TASK BRIEF —
Reproduce exactly the entries from the "A yellow priority waste truck." line to the end. Skip all pictures.

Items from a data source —
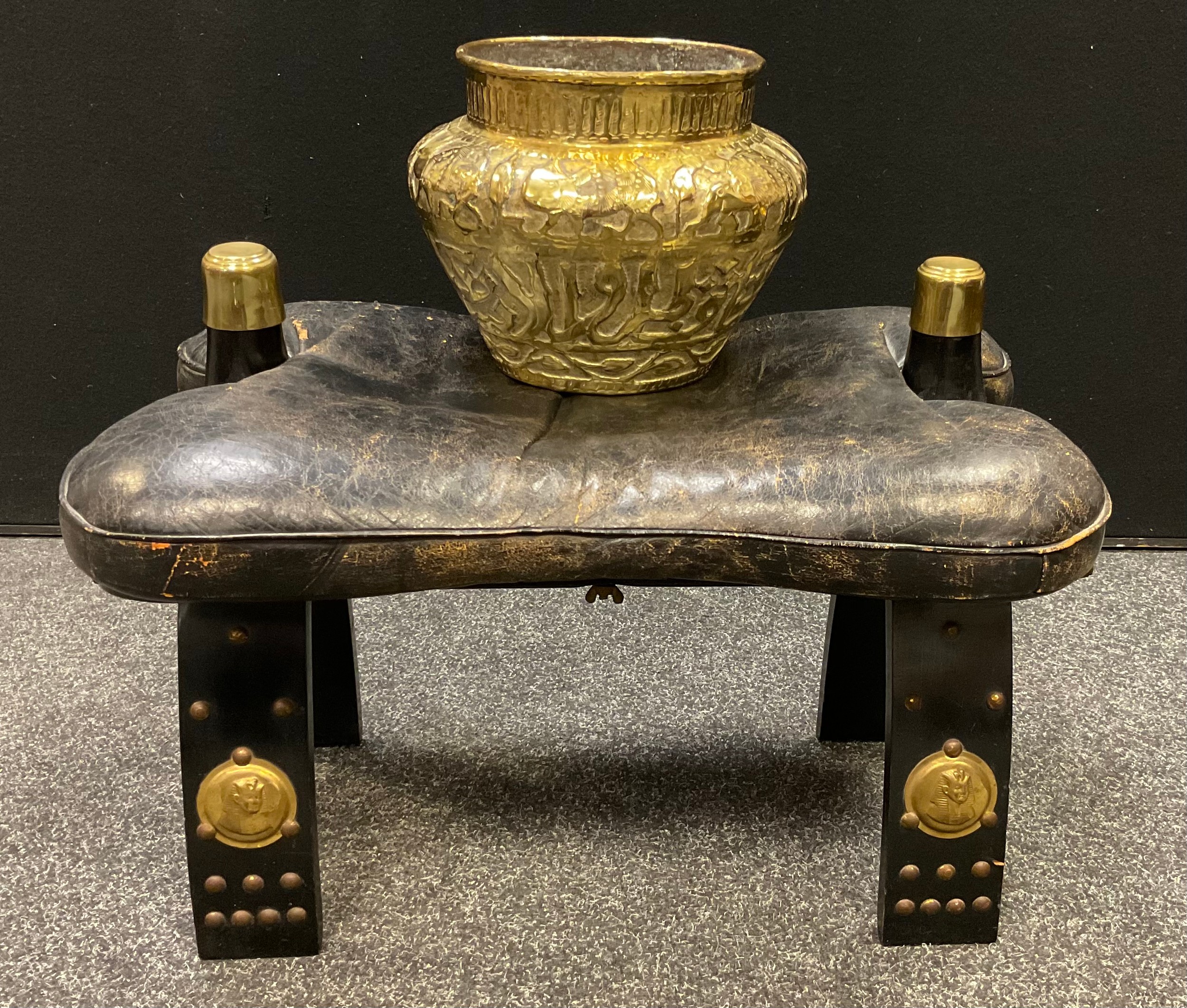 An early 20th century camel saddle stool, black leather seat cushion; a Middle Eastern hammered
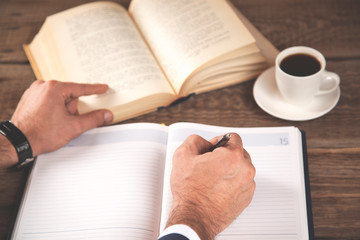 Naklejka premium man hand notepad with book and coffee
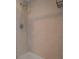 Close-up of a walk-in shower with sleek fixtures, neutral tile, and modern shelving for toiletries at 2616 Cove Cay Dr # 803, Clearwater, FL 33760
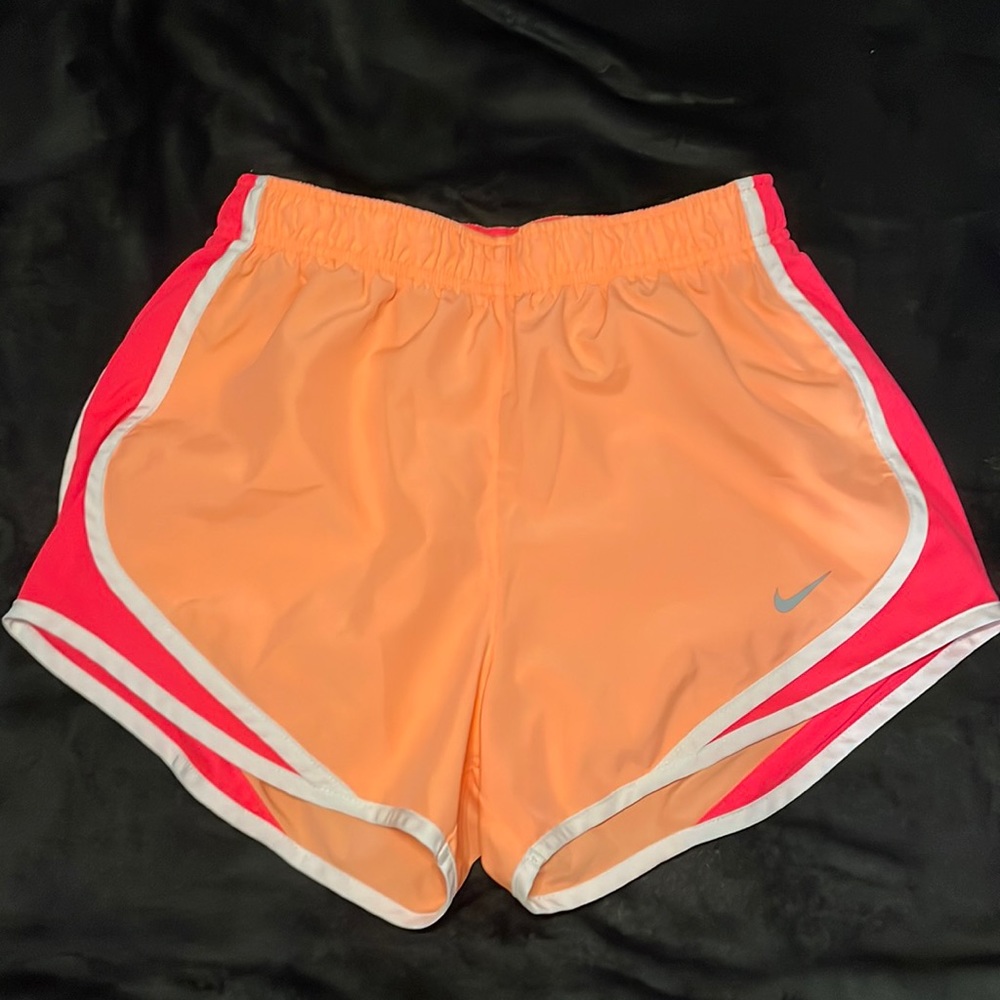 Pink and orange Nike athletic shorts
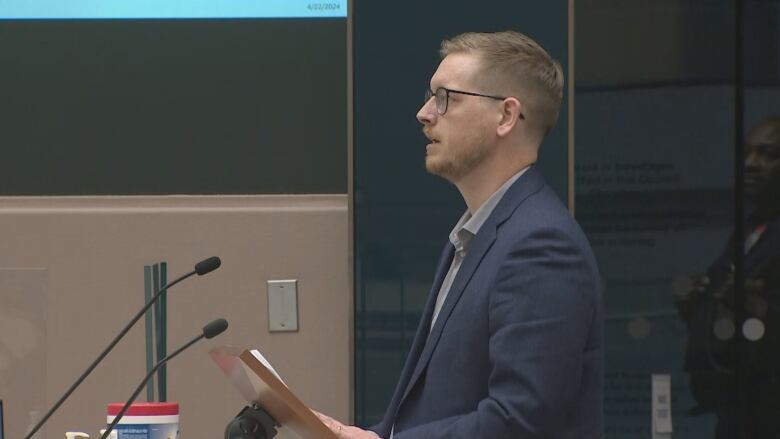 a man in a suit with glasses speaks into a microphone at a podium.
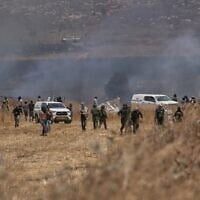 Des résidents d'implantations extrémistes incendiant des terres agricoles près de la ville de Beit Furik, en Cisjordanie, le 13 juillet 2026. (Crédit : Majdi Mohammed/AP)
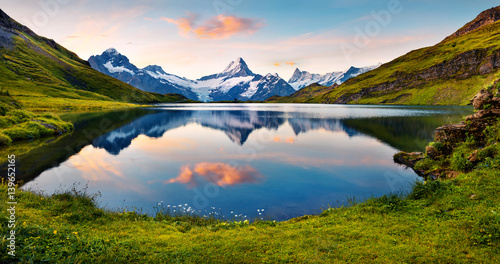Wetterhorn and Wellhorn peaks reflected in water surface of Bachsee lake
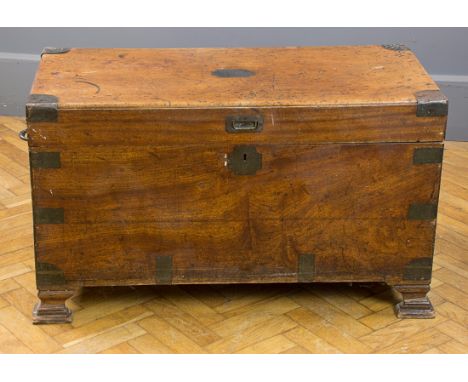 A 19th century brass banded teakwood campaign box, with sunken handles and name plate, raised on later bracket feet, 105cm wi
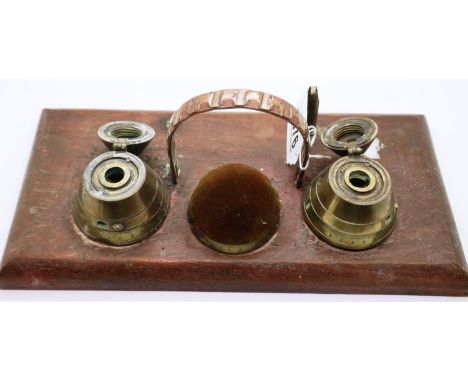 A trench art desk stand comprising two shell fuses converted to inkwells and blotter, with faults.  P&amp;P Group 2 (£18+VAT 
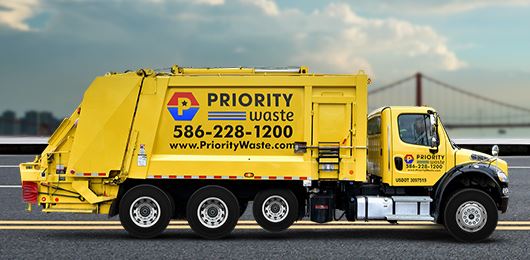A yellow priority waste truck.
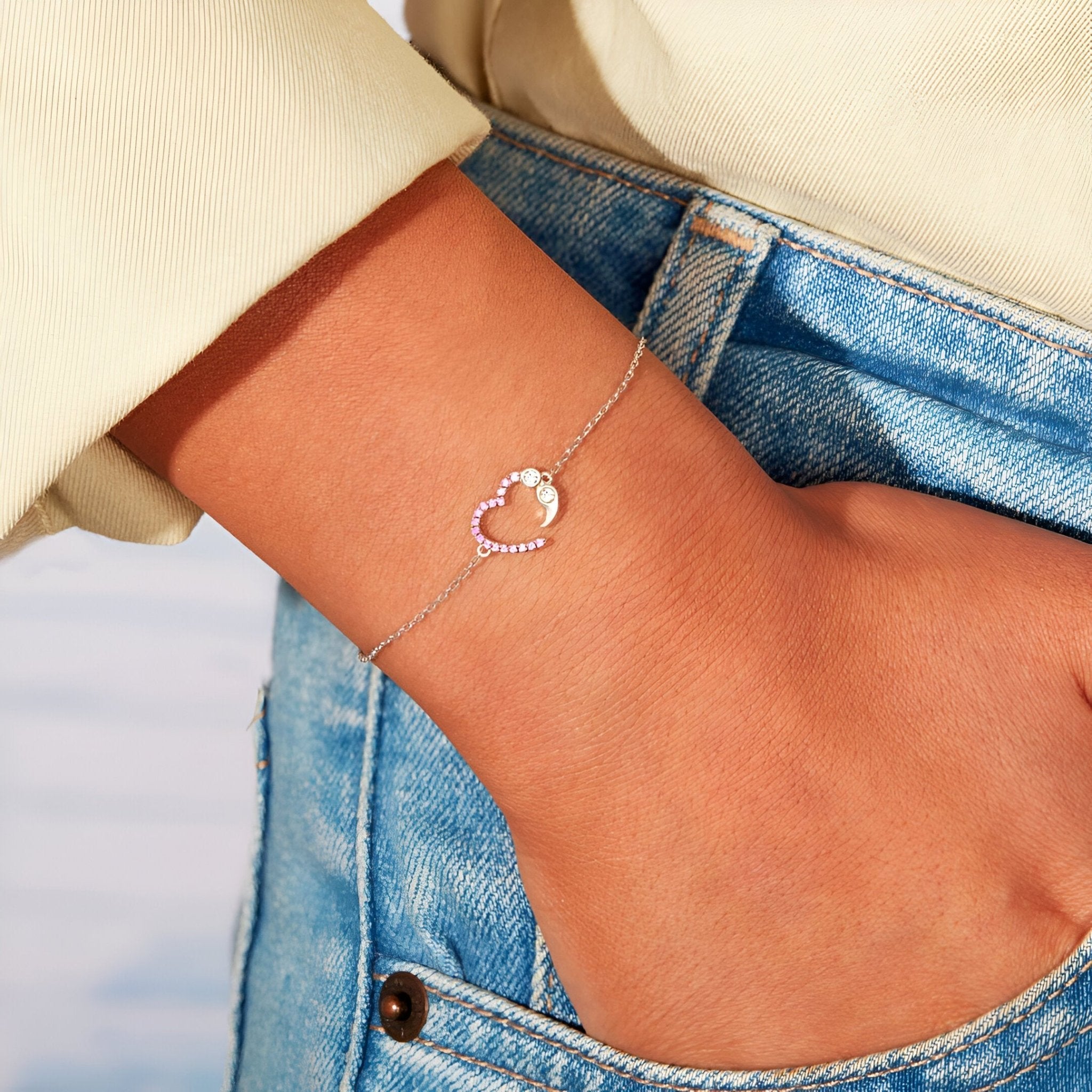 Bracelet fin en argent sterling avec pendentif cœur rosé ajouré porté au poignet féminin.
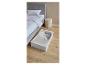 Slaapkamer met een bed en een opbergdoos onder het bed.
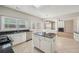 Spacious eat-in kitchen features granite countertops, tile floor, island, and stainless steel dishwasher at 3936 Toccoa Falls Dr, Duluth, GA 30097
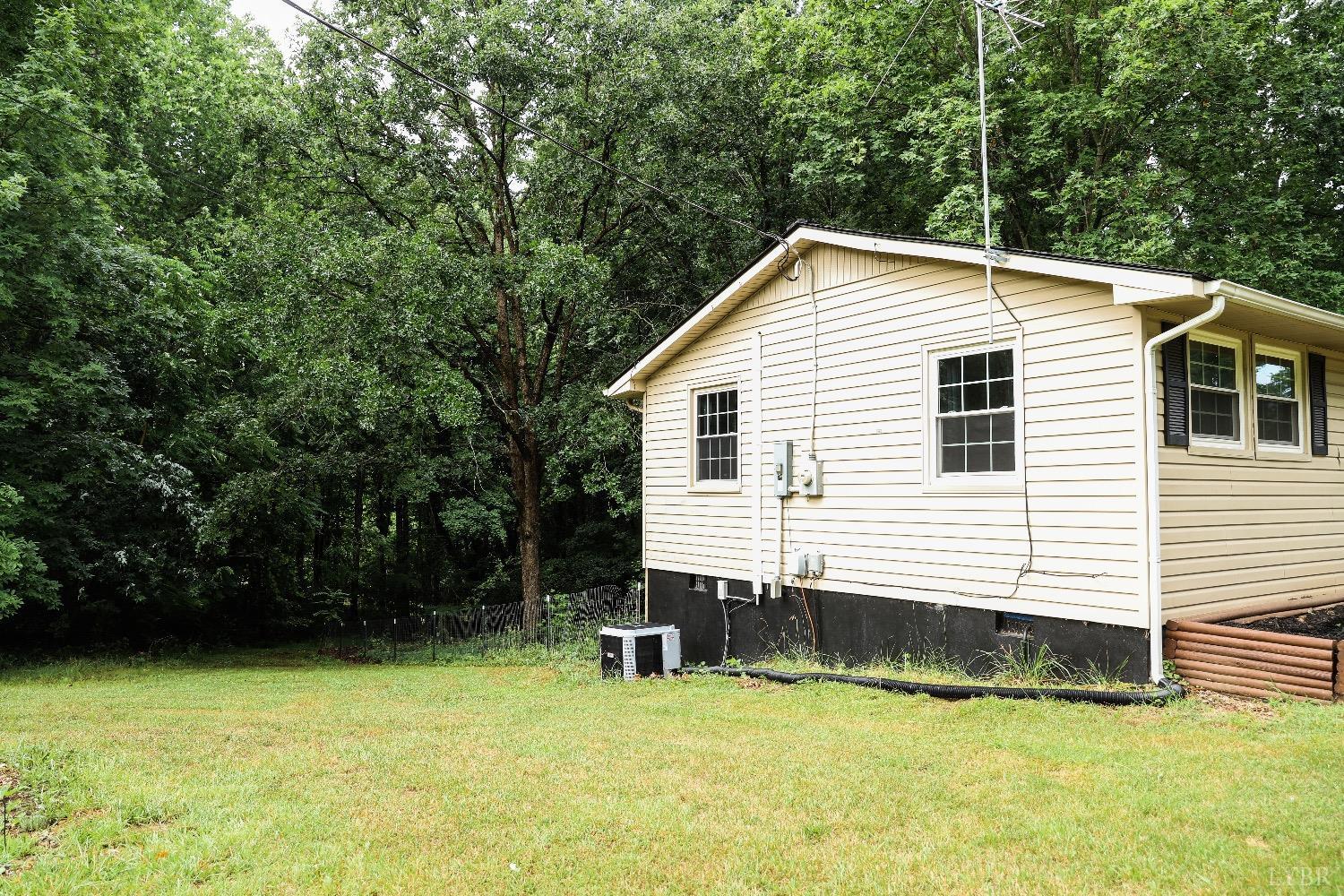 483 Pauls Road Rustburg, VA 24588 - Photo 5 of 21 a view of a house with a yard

EXERCISE RESULT —
A yellow priority waste truck.
 Bracelet fin en argent sterling avec pendentif cœur rosé ajouré porté au poignet féminin.
 Slaapkamer met een bed en een opbergdoos onder het bed.
 Spacious eat-in kitchen features granite countertops, tile floor, island, and stainless steel dishwasher at 3936 Toccoa Falls Dr, Duluth, GA 30097
 483 Pauls Road Rustburg, VA 24588 - Photo 5 of 21 a view of a house with a yard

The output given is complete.